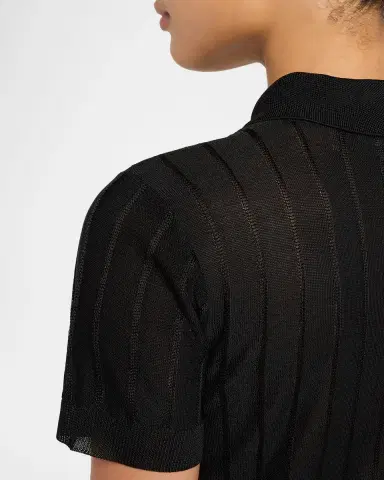 FRAME The Ribbed Polo Shirt | Thumbnail 5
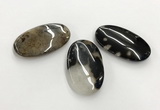 CGP3520 35*60mm oval sakura agate slab pendants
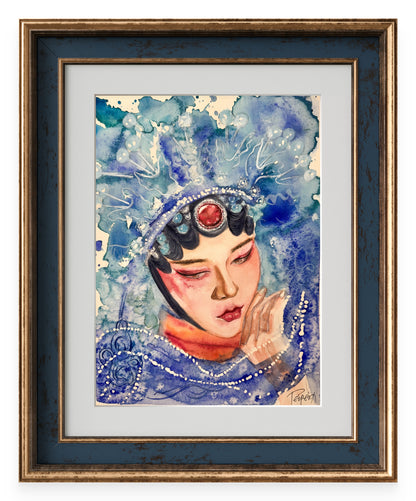 Dao Ma Dan – Original Watercolor on Paper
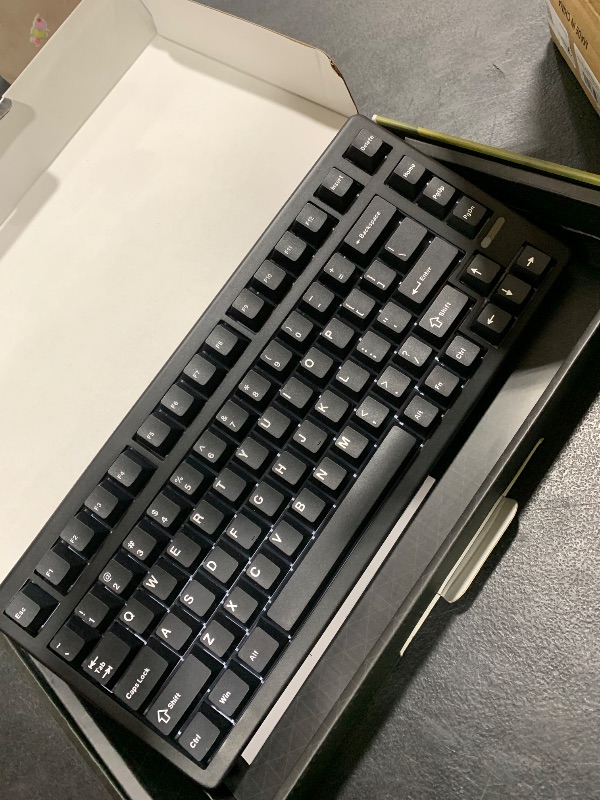 Photo 1 of EPOMAKER HE80 Hall Effect Gaming Keyboard, 8K Polling & 32K Scan, Creamy Gasket, DKS, SOCD, Hot-Swappable, RGB Backlit, Wired Gaming Keyboard for PC & Mac (Black)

-=-=-=-=-

**Assignment**
All of the material above is to be copied exactly, except for its images.

**Task result**
 FRAME The Ribbed Polo Shirt | Thumbnail 5
 CGP3520 35*60mm oval sakura agate slab pendants
 Dao Ma Dan – Original Watercolor on Paper
 Photo 1 of EPOMAKER HE80 Hall Effect Gaming Keyboard, 8K Polling & 32K Scan, Creamy Gasket, DKS, SOCD, Hot-Swappable, RGB Backlit, Wired Gaming Keyboard for PC & Mac (Black)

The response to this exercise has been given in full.